* _DATA SEGMENT_:
● ● ● ● ●

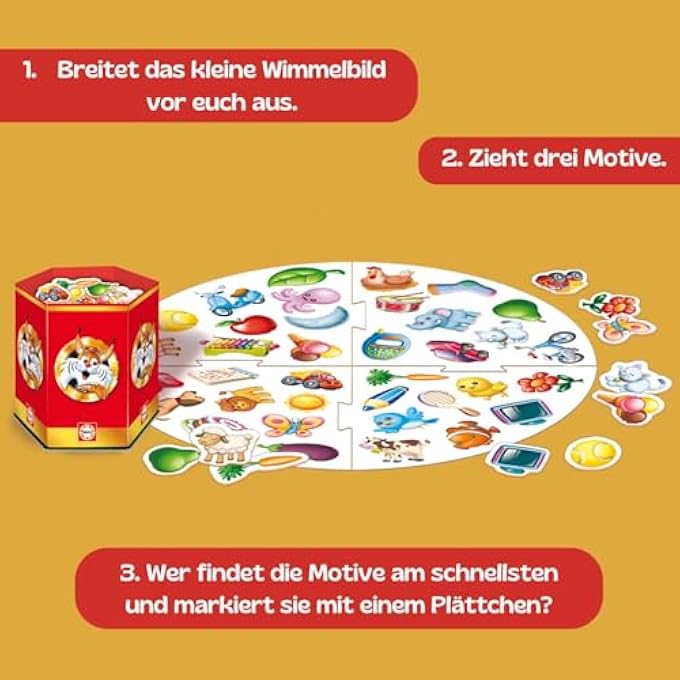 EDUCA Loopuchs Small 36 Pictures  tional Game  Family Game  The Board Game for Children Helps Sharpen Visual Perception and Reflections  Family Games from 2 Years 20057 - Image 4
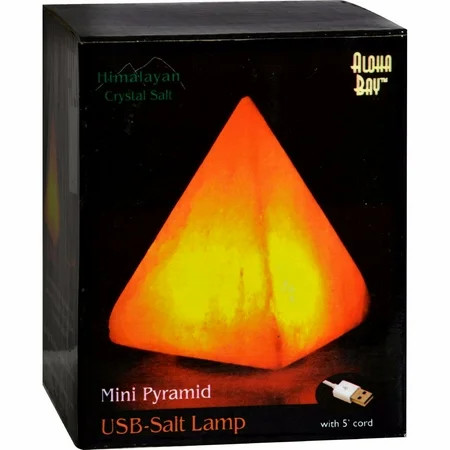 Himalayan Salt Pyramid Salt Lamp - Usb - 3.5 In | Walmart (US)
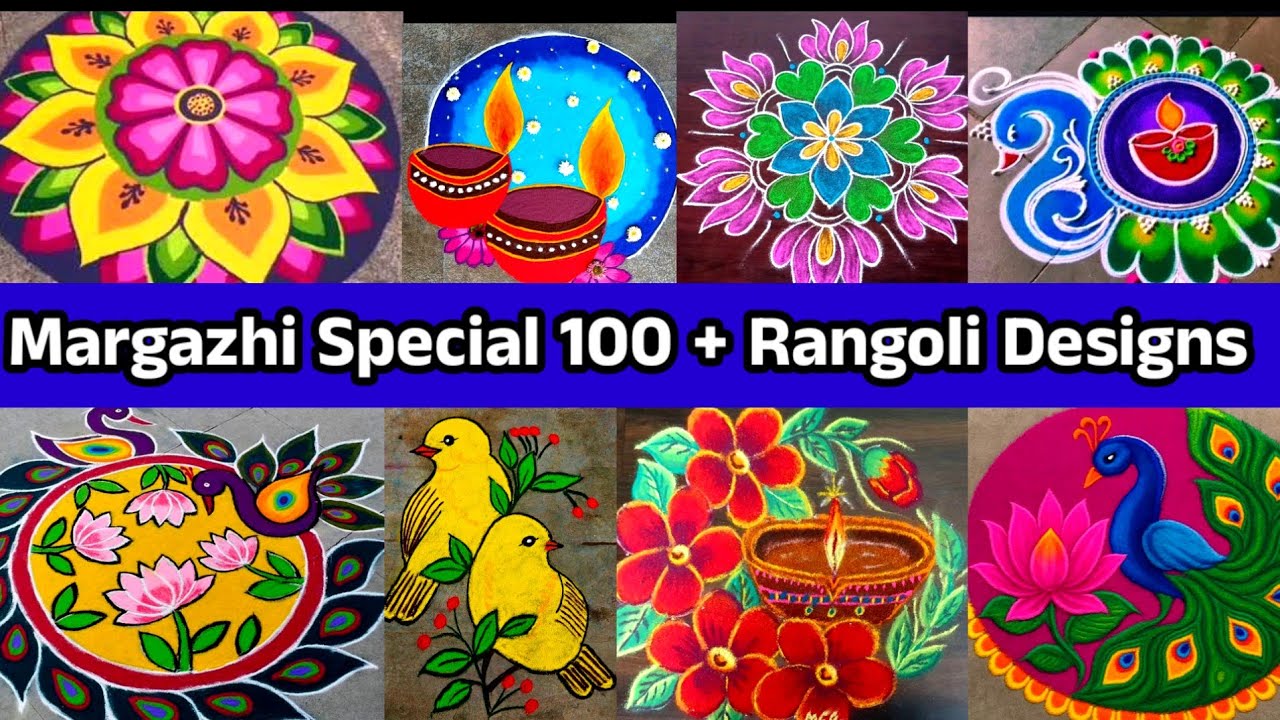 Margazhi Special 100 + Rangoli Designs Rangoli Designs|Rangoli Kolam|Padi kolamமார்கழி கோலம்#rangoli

● ● ● ● ●

Excluding pictures, print all lines above exactly.

 EDUCA Loopuchs Small 36 Pictures  tional Game  Family Game  The Board Game for Children Helps Sharpen Visual Perception and Reflections  Family Games from 2 Years 20057 - Image 4
 Himalayan Salt Pyramid Salt Lamp - Usb - 3.5 In | Walmart (US)
 Margazhi Special 100 + Rangoli Designs Rangoli Designs|Rangoli Kolam|Padi kolamமார்கழி கோலம்#rangoli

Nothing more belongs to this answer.